Lutter contre la délinquance fiscale, c’est l’objectif du Togo en intégrant, ce lundi 16 septembre, l’académie francophone de l’Organisation de coopération et de développement économiques (OCDE). La délinquance fiscale, ce sont les flux financiers illicites dont les conséquences désorganisent les économies des pays en développement.
Ainsi, 15 pays rejoignent l’initiative. Le programme de l’OCDE porte sur les politiques d’éducation et de compétences, afin de parvenir à un apprentissage qui contribuera au développement personnel, à une croissance économique durable et à la cohésion sociale.
Représentant le Ministre Akou Mawussé ADETOU AFIDENYIGBA, Madame le Directeur de Cabinet du Ministère de l’économie et des finances juge : « Aussi avons-nous l’impérieux devoir d’apporter des réponses adéquates et efficaces pour endiguer le phénomène. La mise en place du programme francophone de l’Académie de l’OCDE pour les enquêtes en matière de délinquance fiscale et financière se révèle être une piste de solution et répond à un triple impératif :
● d’abord, accompagner les efforts déployés à l’échelle mondiale en vue d’endiguer les flux financiers illicites (FFI) ;
● ensuite, améliorer la mobilisation des ressources intérieures et renforcer périodiquement les compétences des agents chargés de l’application des législations ;
● et enfin, favoriser la coopération entre tous les pays et leurs organismes en charge de l’application des règles financières.
Avec les Flux Financiers Illicites, la capacité des pays à réaliser l’Agenda 2030 et les objectifs de développement durable (ODD) sont menacés. Ils causent des conséquences graves et variées surtout dans les pays à faible et à moyen revenu.

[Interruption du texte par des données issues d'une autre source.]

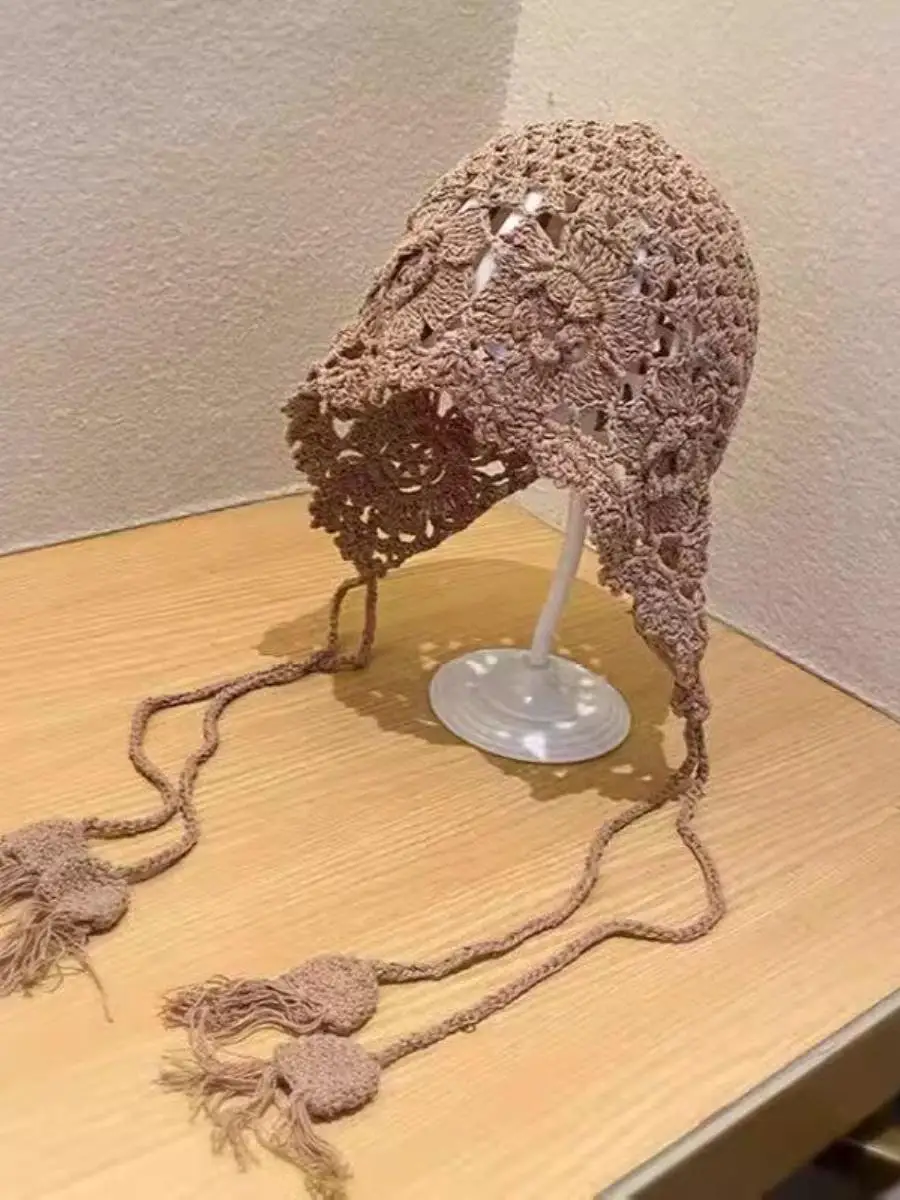 bohemian-style-women's-knitted-fashionable-versatile-decorative-hat-overhead-hat-ethnic-wind-two-piece-set-spring-summer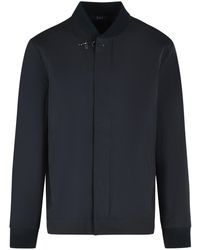 Fay - Cotton Blend Microfaille Bomber Jacket - Lyst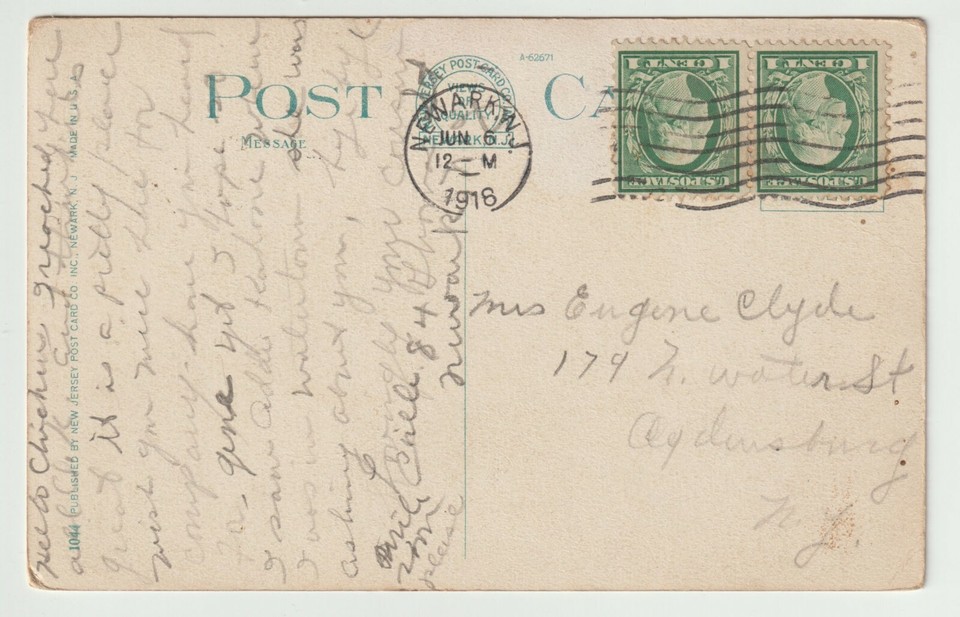 1918 Postmarked Postcard Boat House Branch Brook Newark New Jersey NJ ...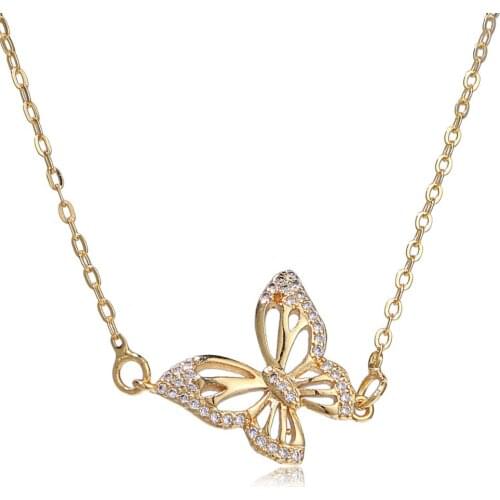 SHINYGEM Natural Cute Butterfly Pendant Handmade Jewelry Micro-Inlaid Retro Female Fashion Simple Necklace Delicate And Small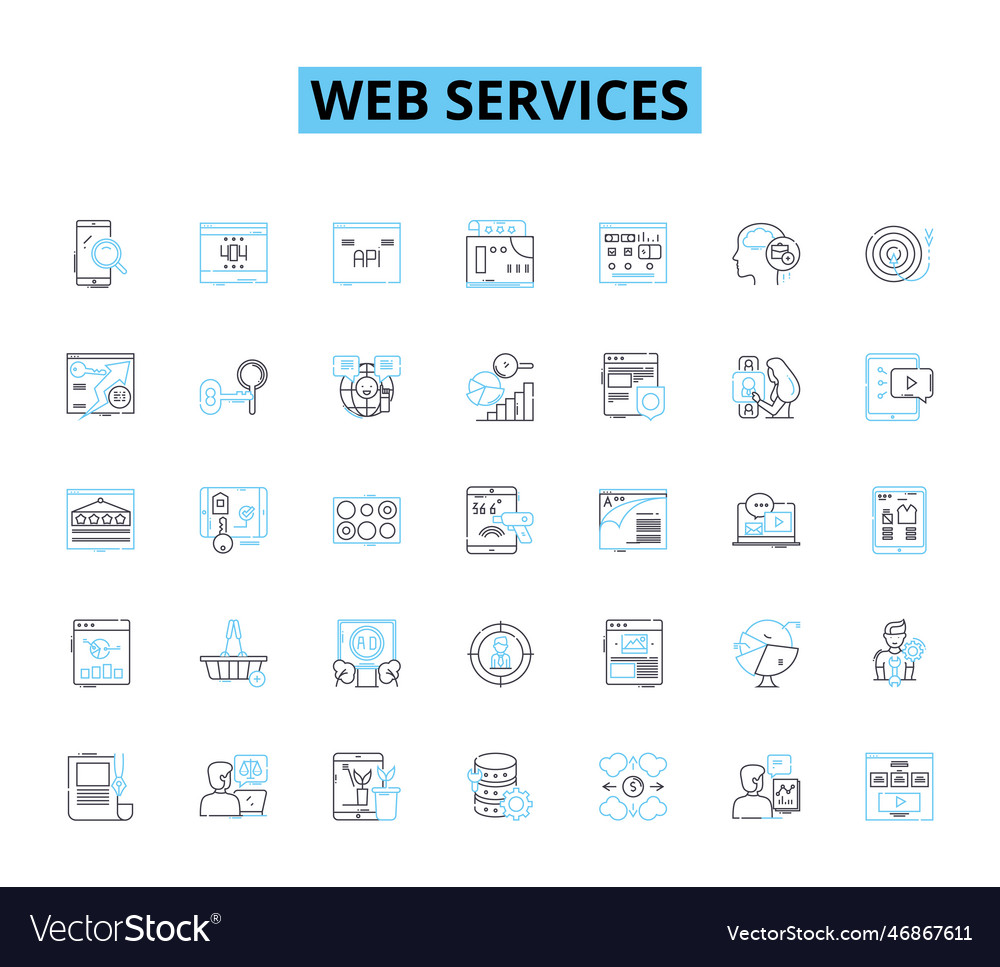 Web services linear icons set integration vector image Web services linear icons set integration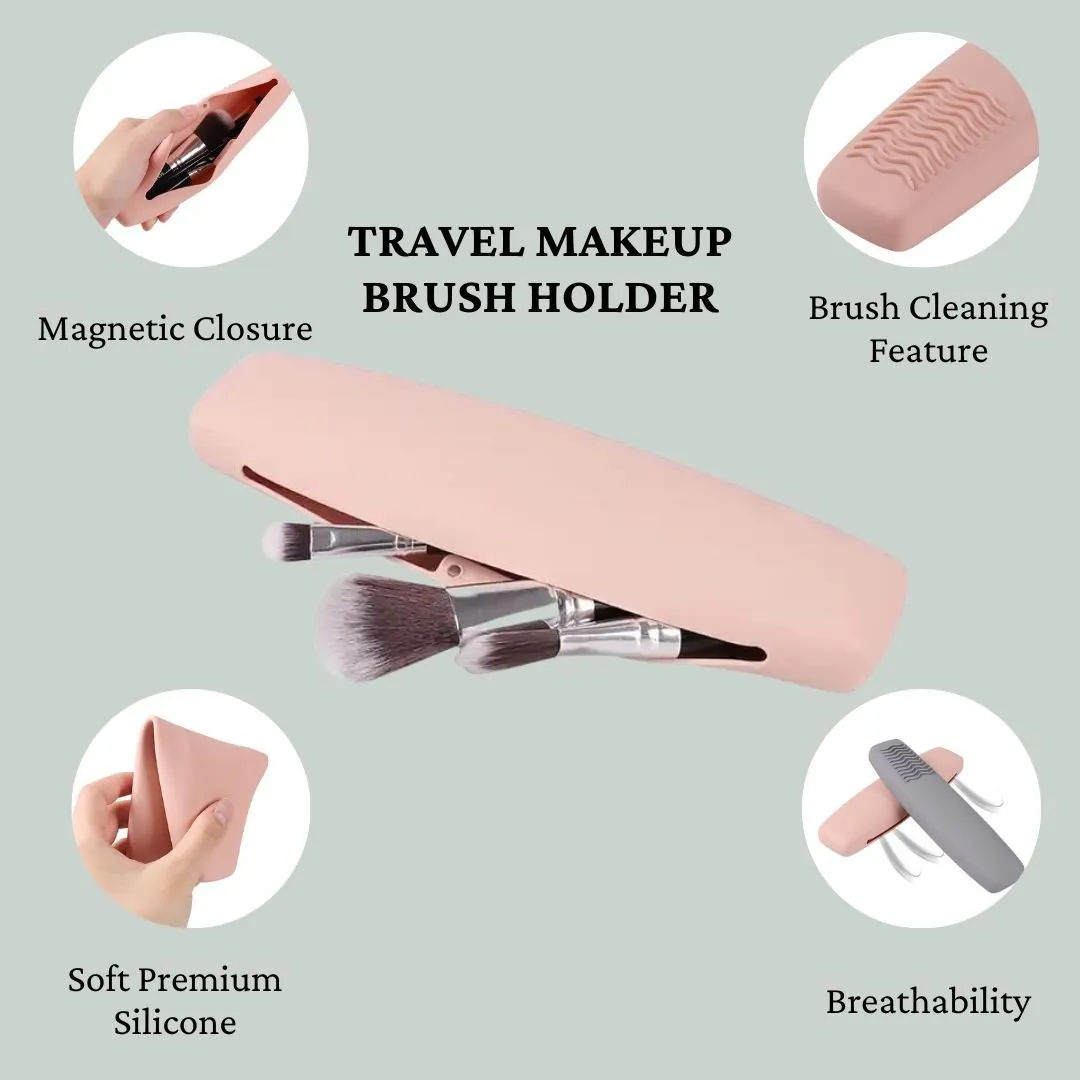 Magnetic Silicone Makeup Brush Holder with Built-in Cleaning
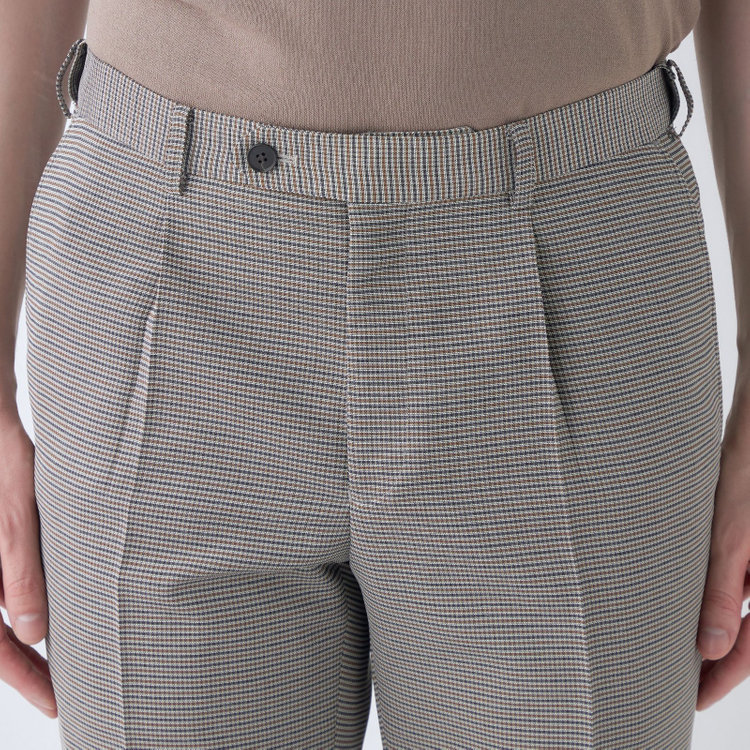 シルバーライン 【5DAYS CLOSET】【RBC】【春夏】ポリエステル1タックテーパードパンツ/ブラウン×チェック/ウエストムーブ仕様/4S SUSTAINABILITY&ECOLOGY FABRIC/※裾上げ必要 グレー中間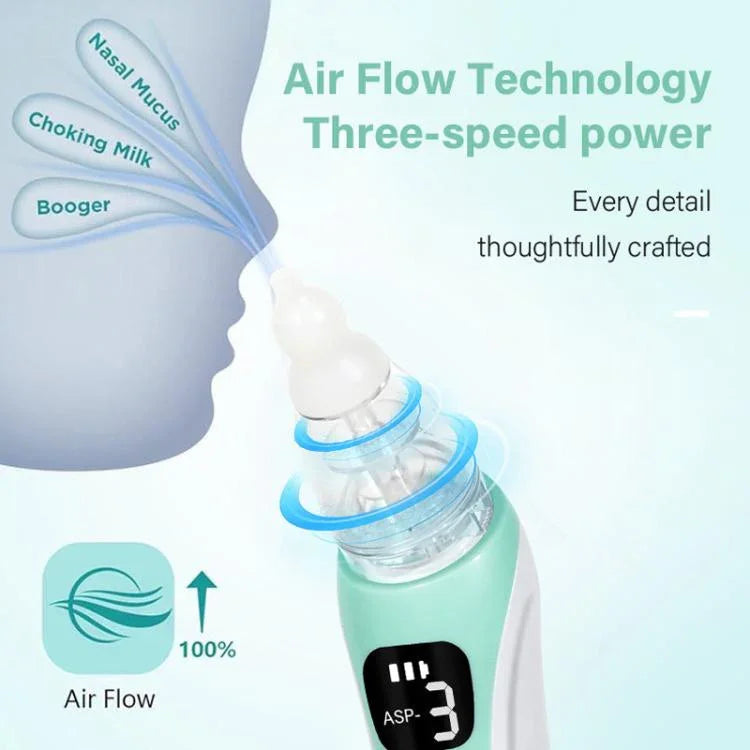 Máy hút mũi điện cho bé với 3 đầu silicone đạt chuẩn thực phẩm, nhạc piano nhẹ nhàng và đèn LED mềm mại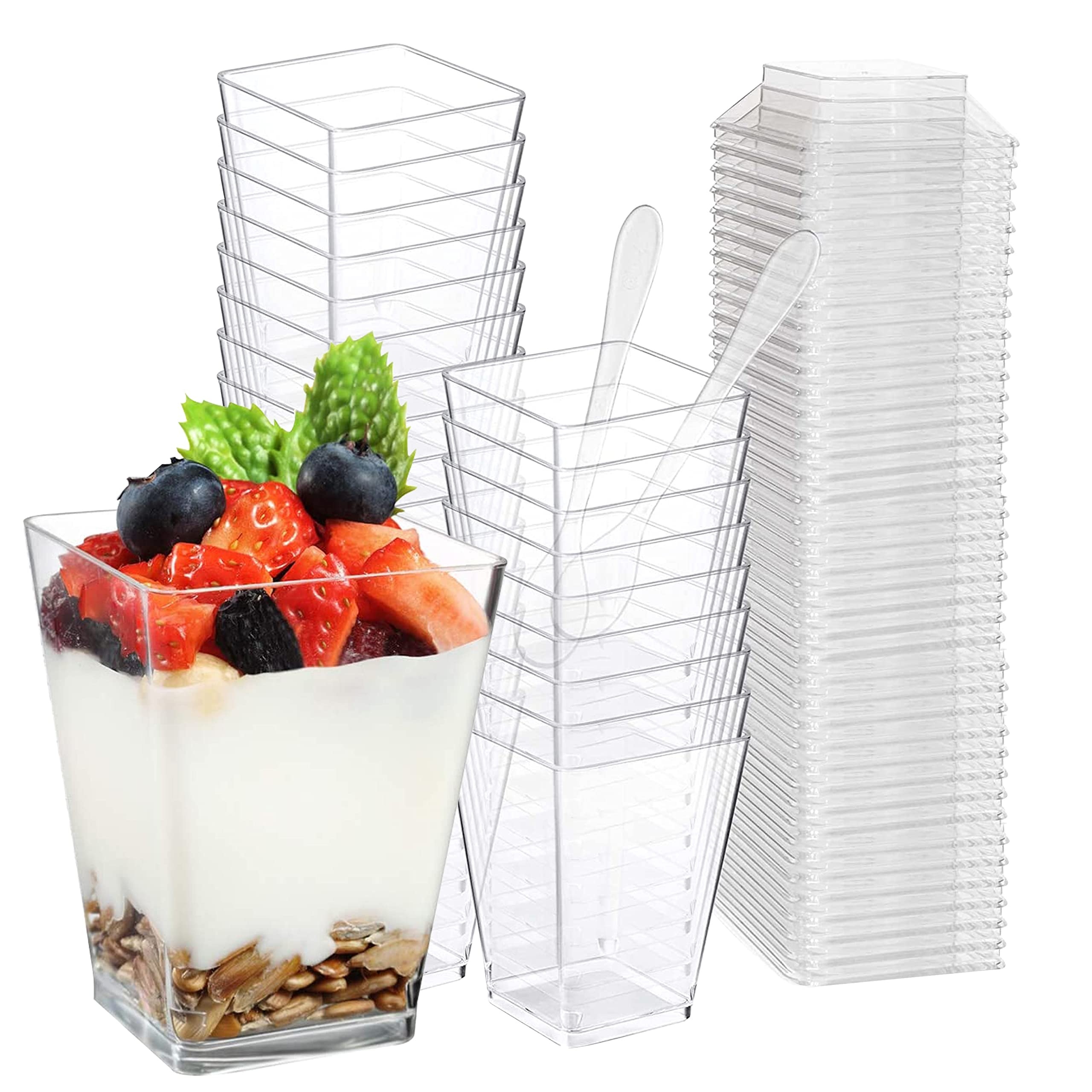 100 Sets Square Dessert Cups with Lids and Spoons Including 50 Pcs 5 oz  Clear Yogurt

Le continent africain perd plus de 50 milliards de dollars US chaque année du fait des flux financiers illicites, ce qui est supérieur au fonds destiné à l’aide publique au développement sur le continent. En 2015, une campagne lancée par le Groupe de Travail Intérimaire (GTI) dénommée : “Arrêter l’hémorragie” a été organisée au niveau du Togo par la Coordination des Centrales Syndicales du Togo (CCST) et la société civile togolaise en collaboration avec la CSI-Afrique. Le pays en cette année faisait partie des trois pays ouest-africains les plus affectés par le phénomène avec notamment 9000 milliards FCFA perdus sur la période de 2002 à 2011.